Feed Forward Neural Net

Steven Lasch | Aug 27, 2023 min read

In this article, we will walk through an example of a classification problem that is more complex. For this approach, we will be implementing a simple feed-forward neural network to determine the classes. I would recommend using an environment such as Google Colab that can run Jupyter Notebooks since all of the code in this article is written for that format.

Introduction

For clustering and classification purposes, we will be using the sklearn.datasets.make_circles() function. Adding that, we get:

import numpy as np
import matplotlib.pyplot as plt
from sklearn import datasets


X,Y = datasets.make_circles(n_samples=500,
                            random_state=1,
                            noise=.15,		# controls the spread of points
                            factor=.25)		# controls closeness of the circles

# plot x1 vs x2
plt.scatter(X[Y==0, 0], X[Y==0,1], color="blue")
plt.scatter(X[Y==1, 0], X[Y==1, 1], color="red")
plt.show()

Training a model to classify points based on this dataset must be done using a neural network. This is because we need multiple perceptrons working simultaneously for this model to produce accurate results.

What is a Perceptron?

At its most basic level, a perceptron is a type of artificial neuron that involves the classification of two or more variables. Its specific use case is linear classification, where the artificial neuron aims to find a function that best describes the decision boundary between two variables. If we are then given a data value the model has never seen before, it can therefore determine which class the data point belongs to.

Neural Network Visually

You have probably seen a graph representing a neural network before. The diagram below shows the flow of values from the input end to the output end.
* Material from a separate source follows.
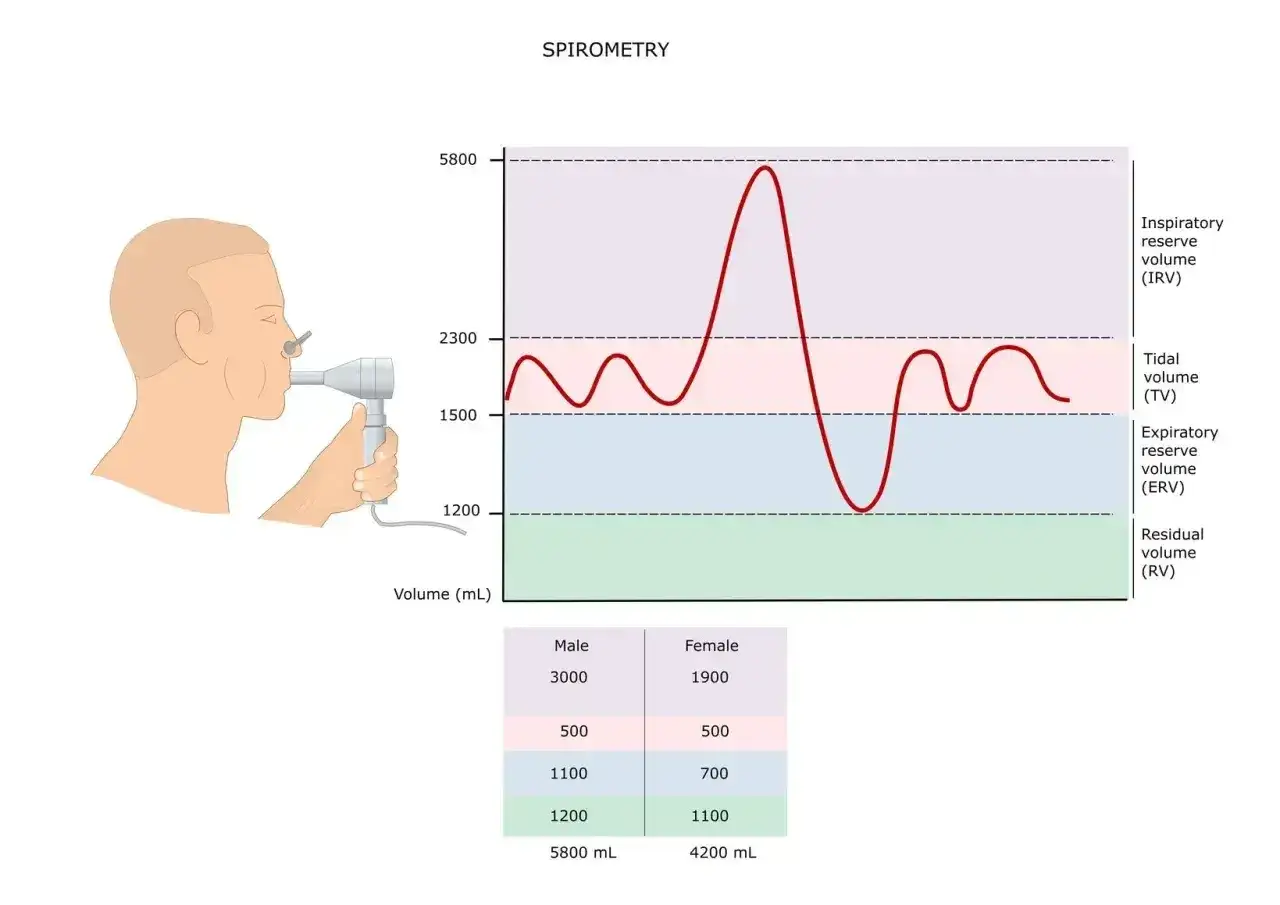 Badanie spirometria: wykres objętości płuc i dane porównawcze mężczyzn i kobiet.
We will have 2 inputs and a bias, a 4-node hidden layer using sigmoid activation function, and a single output: the probability that a given point is red.

But how can we standardize the outputs of our model to resemble a probability? Enter sigmoid. The reason we are using sigmoid as our activation function is because our model classifies new points based on a probability, which we will call \( \hat{y} \) (pronounced “y hat”). The output of the sigmoid function lies between 0 and 1. This is perfect for us since probabilities can only exist between those values.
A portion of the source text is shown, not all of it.